EDITORIAL: Chief justice pick a defining moment
The person should be an influential leader, a strong administrator, a diplomat, a skilled communicator and policy maker, an intellectual leader who is independently minded with the highest degree of integrity
In August 2011, former president Jacob Zuma released a 700-word statement, detailing the reasons he had chosen Mogoeng Mogoeng as chief justice. It was an unprecedented move, but a necessary one — appointing the head of the judiciary is no simple feat and Zuma’s appointment of Mogoeng was hardly welcomed.
For a start, there were questions over his conservative approach on issues of gender, as well as questions over his experience — or rather, his lack of it — on constitutional matters.
But Mogoeng, largely, proved his detractors wrong. His legacy is relatively solid, and where it is marred, it is because of his comments on public platforms, not his judgments on the bench.
A high point for Mogoeng was the Constitutional Court judgment on Nkandla in 2016, which arguably led to Zuma losing his grip on the ANC. The ruling held that the powers of the public protector were binding and that Zuma needed to repay some of the R246m spent on upgrading his private residence at Nkandla.
It is a judgment that will forever stand as setting the standard for the conduct of a sitting president.

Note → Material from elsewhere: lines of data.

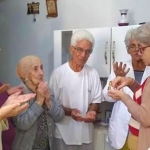 Enfermos e idosos recebem Jesus Eucarístico em suas residências.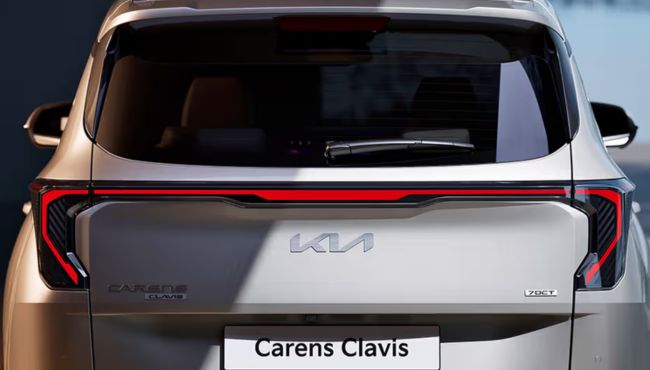 Kia Carens Clavis back view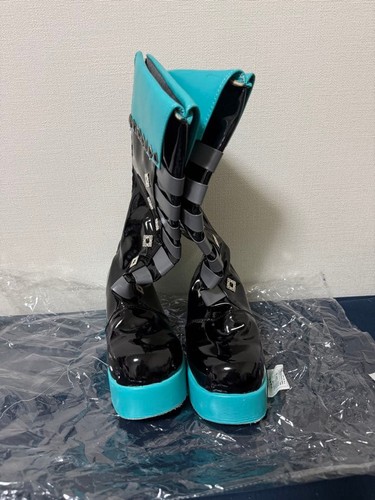 Hatsune miku rascal - miku, x
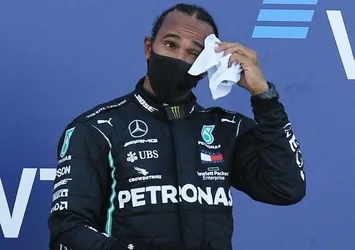 Lewis Hamilton'a corona virüsü şoku!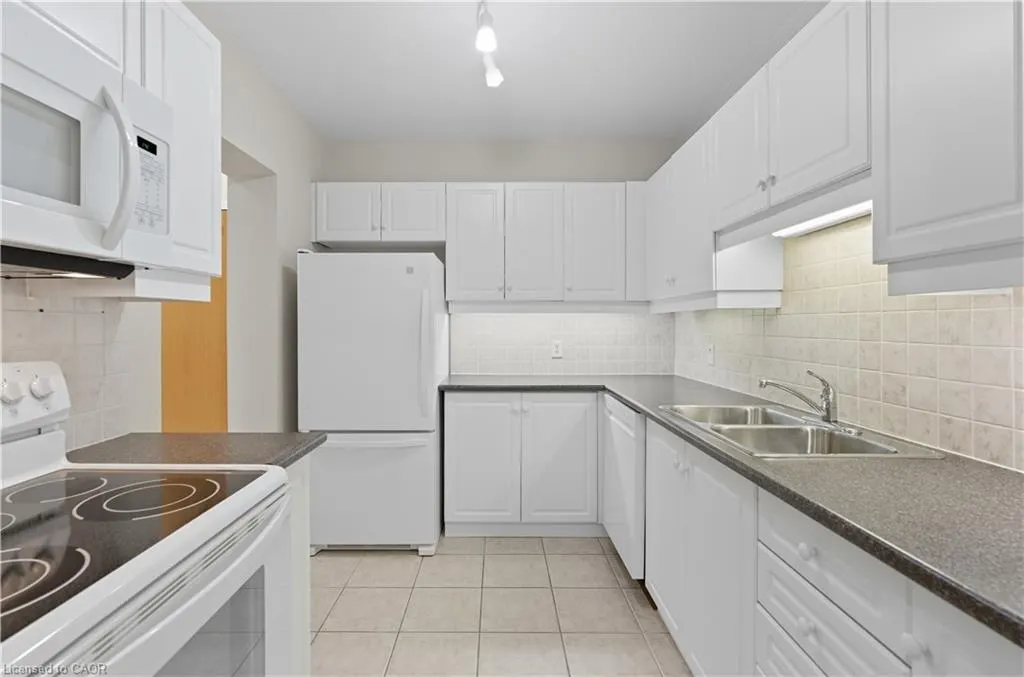 2075 Amherst Heights Drive, #211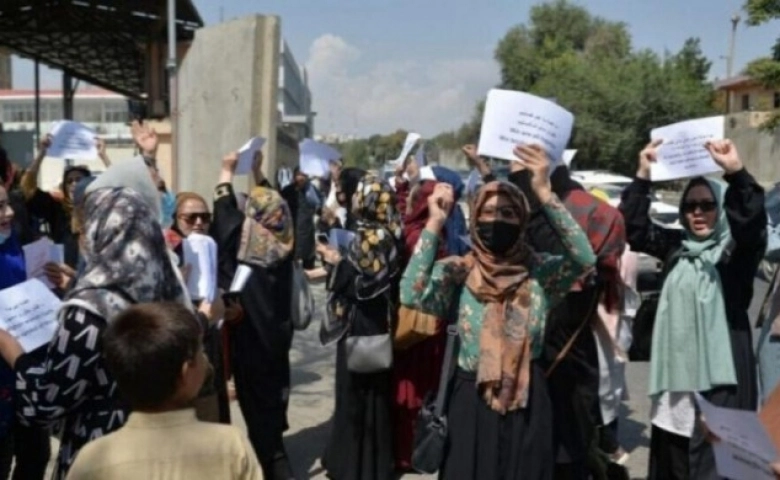 Afganistanlı kadınlar Taliban’ı protesto etti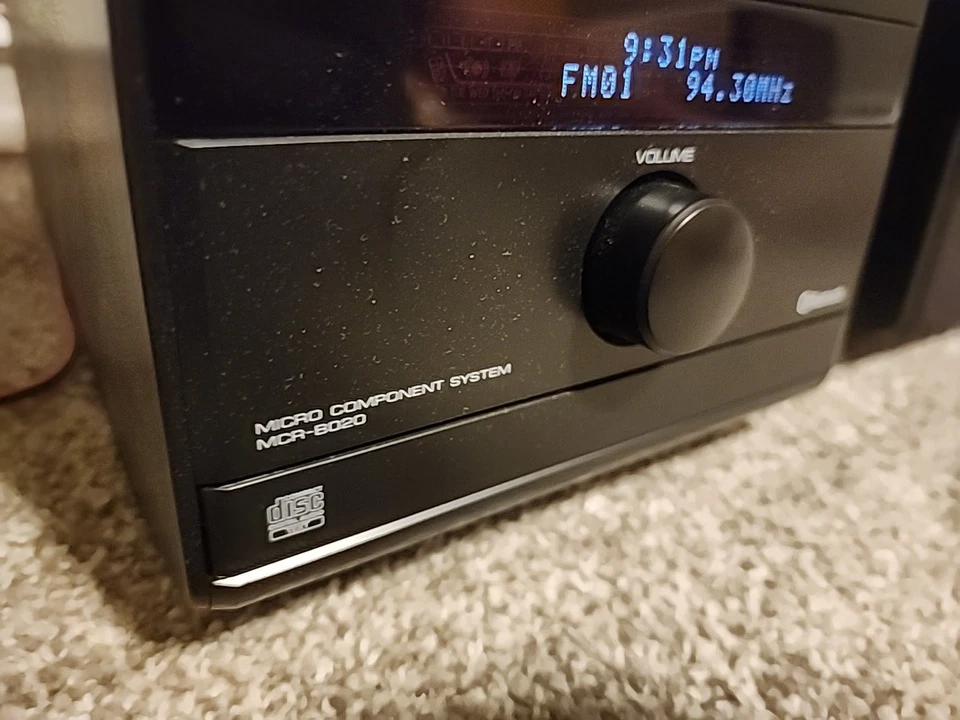 Yamaha Micro Component System Model MCR-B020 No Remote Tested Works. - Image 2 of 4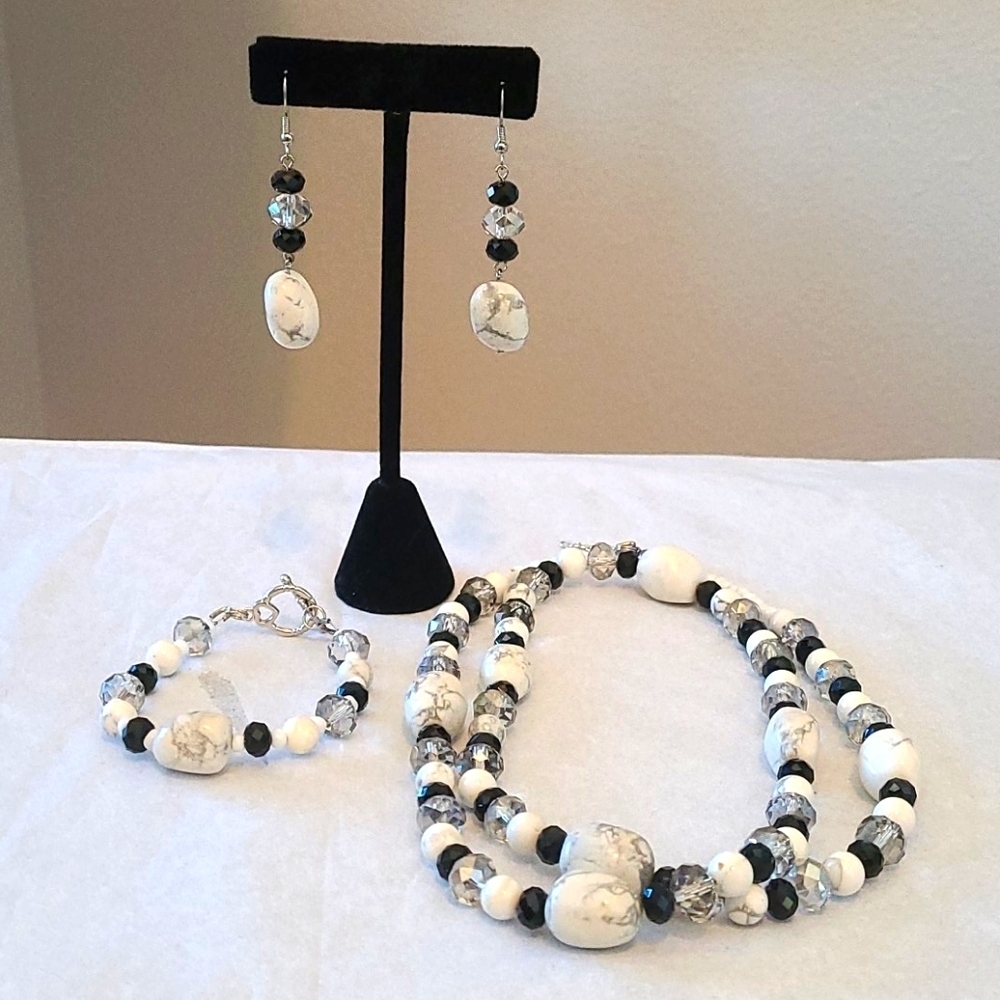 Tricolor Beaded Set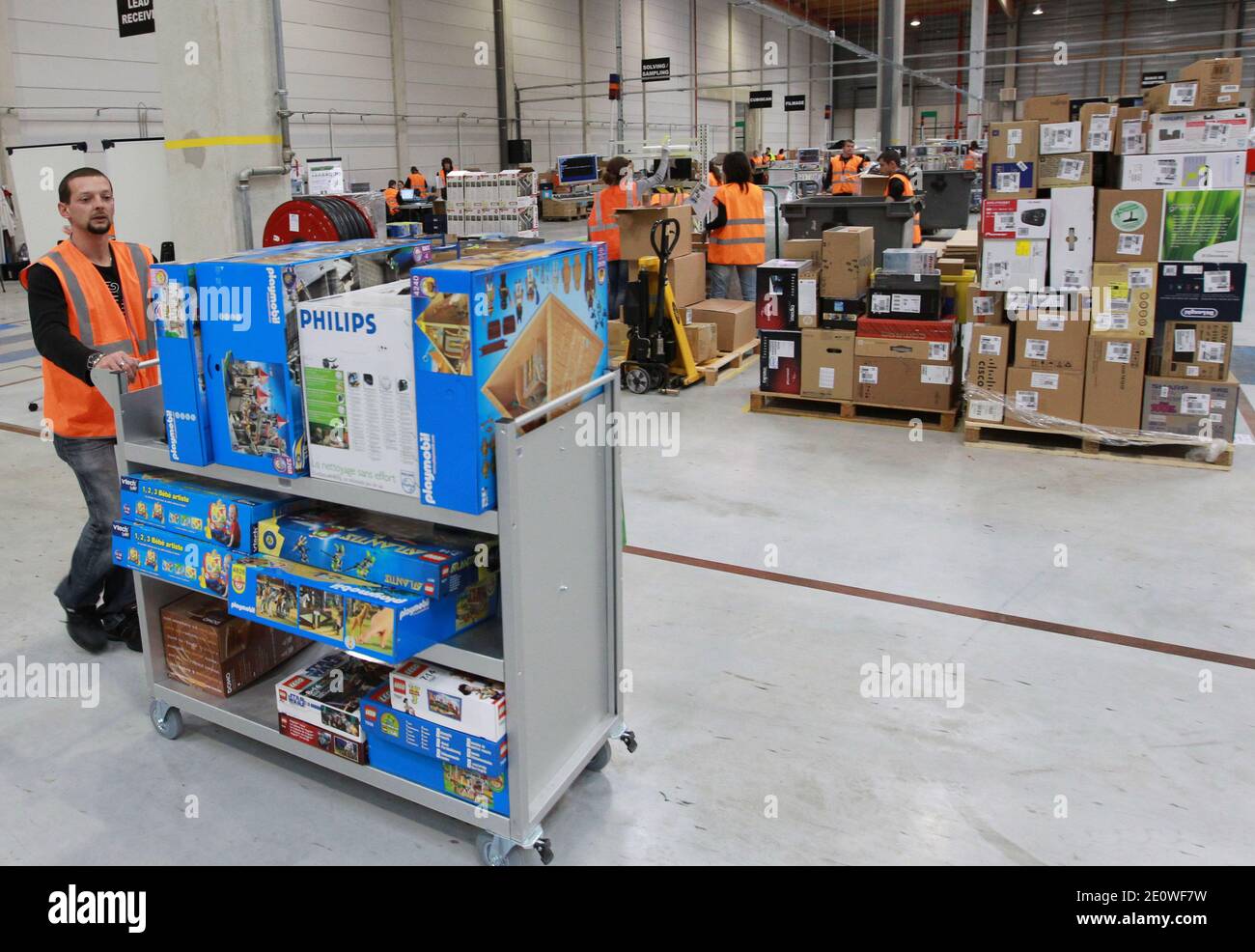 Amazon logistics center in Montelimar, France on November 19, 2010. Photo  by Vincent Dargent/ABACAPRESS.COM Stock Photo - Alamy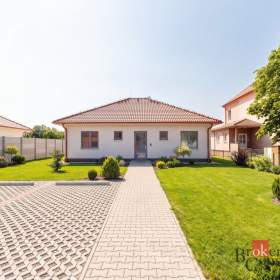 Prodej rodinného domu 100 m², Miroslav / 19919218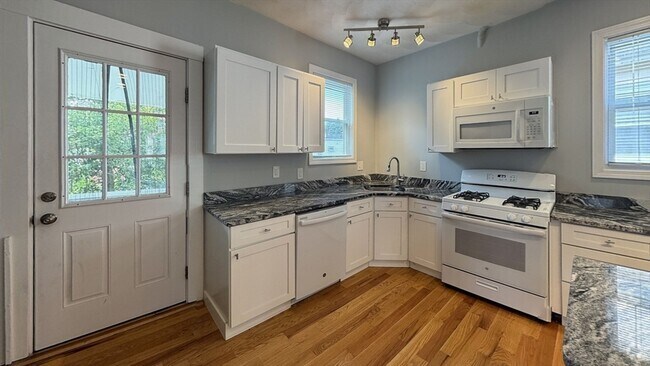 Building Photo - 30 Partridge Ave Unit 2 Rental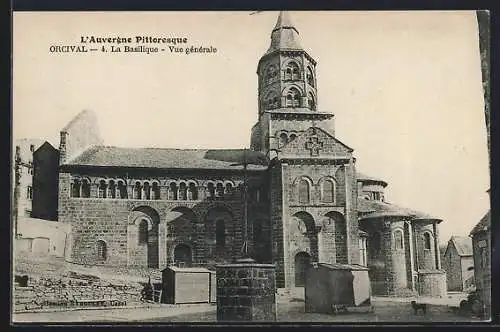 AK Orcival, La Basilique, Vue générale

Mogoeng’s words were striking: "[A president] is a constitutional being by design, a national pathfinder, the quintessential commander-in-chief of state affairs and the personification of this nation’s constitutional project."
This week Mogoeng’s office announced that he had taken "long leave" due to him for some time, which will run until his term ends in September. Effectively, Mogoeng won’t return to his office.
In the meantime, President Cyril Ramaphosa has appointed justice Sisi Khampepe to act in the post until a permanent appointment is made.
Last week, there was a serious attempt by the ANC’s fact-lite radical economic transformation (RET) wing and its twitter-bots to cast Mogoeng’s leave as an ominous sign that the judiciary had been captured.
On the other side of the aisle, those opposing the RET group had also read much into Mogoeng’s bid for "long leave", speculating that perhaps he had no stomach to preside over a case against Zuma, or that he was preparing for a more political role, given his perceived proximity to the EFF.
But there is no evidence that Mogoeng’s leave is the result of conniving or intrigue.
His decade-long tenure had been intense, particularly as the judiciary proved to be the last line of defence against a compromised ANC, whose president and administration had gone rogue in a spectacular way.
Now Ramaphosa must select a replacement, after 10 years of strained relations between the executive and the judiciary, in which judges were not only called on to moderate intra-party battles as Zuma’s grip on the ANC tightened, but had to do this even amid lacerating attacks from the ruling party, which accused them of overreaching.
Calls have been made for Ramaphosa to appoint a female to the post. The excellent website Judges Matter, which monitors the appointment of judges, has come up with a list of female contenders — including the Supreme Court of Appeal’s president Mahube Molemela, and Constitutional Court justices Nonkosi Mhlantla and Leona Theron.
It also breaks down the qualities required: the person should be an influential leader, a strong administrator, a diplomat, a skilled communicator and policy maker, an intellectual leader who is independently minded with the highest degree of integrity. It is a tall order for Ramaphosa to fill.
But given the current state of the country, the brittle economy, and the attacks on the judiciary from influential politicians, it’s an appointment that may just be the one on which Ramaphosa’s entire presidency will rise or fall.